You can check the gsoc discord channel for more details.
Also, you can have a look on the new release of BitNet.cpp, you can check it out here BitNet CPU Inference Optimization, does it solve our issue with LLM local inference or not?

What is the maximum size of LLM that we can realistically run? For example, Gemma 3 27B supports image processing, which could be useful for visual understanding tasks. However, if we move in that direction, it may be challenging to obtain clear and accurate pin-connection details from end users through images alone.

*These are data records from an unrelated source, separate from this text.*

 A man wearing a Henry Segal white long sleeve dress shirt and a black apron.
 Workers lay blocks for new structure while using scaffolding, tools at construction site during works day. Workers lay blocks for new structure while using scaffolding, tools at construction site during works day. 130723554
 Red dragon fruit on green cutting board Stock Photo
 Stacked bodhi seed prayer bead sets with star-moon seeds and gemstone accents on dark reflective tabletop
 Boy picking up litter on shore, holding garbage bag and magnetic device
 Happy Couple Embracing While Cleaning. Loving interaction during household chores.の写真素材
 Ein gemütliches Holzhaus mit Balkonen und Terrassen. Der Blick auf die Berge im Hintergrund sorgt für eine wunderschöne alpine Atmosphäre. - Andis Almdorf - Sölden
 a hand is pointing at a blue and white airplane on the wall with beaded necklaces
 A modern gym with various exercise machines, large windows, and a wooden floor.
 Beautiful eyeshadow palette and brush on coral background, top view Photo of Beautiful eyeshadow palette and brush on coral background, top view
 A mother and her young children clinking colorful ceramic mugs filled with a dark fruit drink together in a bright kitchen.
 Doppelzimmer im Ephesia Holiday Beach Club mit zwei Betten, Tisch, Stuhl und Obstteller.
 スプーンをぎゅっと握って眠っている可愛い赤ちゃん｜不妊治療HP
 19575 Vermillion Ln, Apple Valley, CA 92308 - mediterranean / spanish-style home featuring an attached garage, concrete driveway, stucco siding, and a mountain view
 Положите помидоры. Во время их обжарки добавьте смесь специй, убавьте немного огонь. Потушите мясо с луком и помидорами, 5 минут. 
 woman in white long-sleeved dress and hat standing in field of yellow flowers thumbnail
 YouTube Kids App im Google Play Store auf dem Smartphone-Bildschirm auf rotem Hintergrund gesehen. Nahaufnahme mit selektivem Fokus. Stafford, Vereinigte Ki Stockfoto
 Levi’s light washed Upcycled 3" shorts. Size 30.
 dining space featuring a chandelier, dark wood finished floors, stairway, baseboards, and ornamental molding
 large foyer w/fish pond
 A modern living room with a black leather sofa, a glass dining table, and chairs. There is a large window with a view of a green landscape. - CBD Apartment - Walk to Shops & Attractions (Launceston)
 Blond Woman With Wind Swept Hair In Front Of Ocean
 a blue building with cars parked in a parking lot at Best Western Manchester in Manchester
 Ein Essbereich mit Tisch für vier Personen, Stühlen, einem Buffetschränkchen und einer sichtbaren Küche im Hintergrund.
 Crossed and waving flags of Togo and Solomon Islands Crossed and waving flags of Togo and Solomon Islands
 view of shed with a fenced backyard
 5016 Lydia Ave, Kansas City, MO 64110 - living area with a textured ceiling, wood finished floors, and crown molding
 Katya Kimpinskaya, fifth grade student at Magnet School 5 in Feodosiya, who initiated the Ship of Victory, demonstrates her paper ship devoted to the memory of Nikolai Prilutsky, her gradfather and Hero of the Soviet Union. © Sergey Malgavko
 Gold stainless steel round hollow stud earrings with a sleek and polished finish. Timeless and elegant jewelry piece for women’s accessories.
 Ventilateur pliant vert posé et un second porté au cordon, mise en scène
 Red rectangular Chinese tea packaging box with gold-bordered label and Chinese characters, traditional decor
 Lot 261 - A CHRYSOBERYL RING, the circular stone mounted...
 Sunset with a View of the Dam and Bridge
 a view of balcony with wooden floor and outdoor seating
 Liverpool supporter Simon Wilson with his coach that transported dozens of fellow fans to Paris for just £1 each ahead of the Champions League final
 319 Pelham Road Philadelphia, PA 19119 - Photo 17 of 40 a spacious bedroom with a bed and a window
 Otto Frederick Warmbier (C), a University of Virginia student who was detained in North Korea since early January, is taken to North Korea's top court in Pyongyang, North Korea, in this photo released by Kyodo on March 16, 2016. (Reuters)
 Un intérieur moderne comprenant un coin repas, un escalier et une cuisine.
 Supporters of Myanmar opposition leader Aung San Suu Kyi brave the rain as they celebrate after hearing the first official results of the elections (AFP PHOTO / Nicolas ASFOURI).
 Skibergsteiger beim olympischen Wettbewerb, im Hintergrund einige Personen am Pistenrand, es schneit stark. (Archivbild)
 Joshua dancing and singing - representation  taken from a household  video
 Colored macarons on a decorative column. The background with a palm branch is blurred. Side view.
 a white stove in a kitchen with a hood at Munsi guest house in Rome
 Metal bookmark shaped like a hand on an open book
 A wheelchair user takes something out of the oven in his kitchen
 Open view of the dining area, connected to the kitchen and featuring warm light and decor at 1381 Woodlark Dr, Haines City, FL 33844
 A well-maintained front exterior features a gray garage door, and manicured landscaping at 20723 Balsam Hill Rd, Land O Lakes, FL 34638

Other than this, we could implement a local script that automatically scans the system and gathers all I/O and peripheral information. Integrating this with BeagleMind would significantly improve the debugging workflow, as users would not need to repeatedly and explicitly provide the same hardware details during each interaction.

Hello, I am Mannan.

Using BitNet.cpp and BitNet Model is a great idea but, as per my understanding, BitNet.cpp is primarily an inference engine designed to run BitNet-based models. Therefore, using it would require training or obtaining a compatible BitNet model architecture. Building such a model from scratch would likely be infeasible within the current project scope. Instead, it may be more practical to use an existing pretrained model, fine-tune it on the BeagleBoard dataset, and apply quantization techniques to ensure efficient offline inference while maintaining accuracy.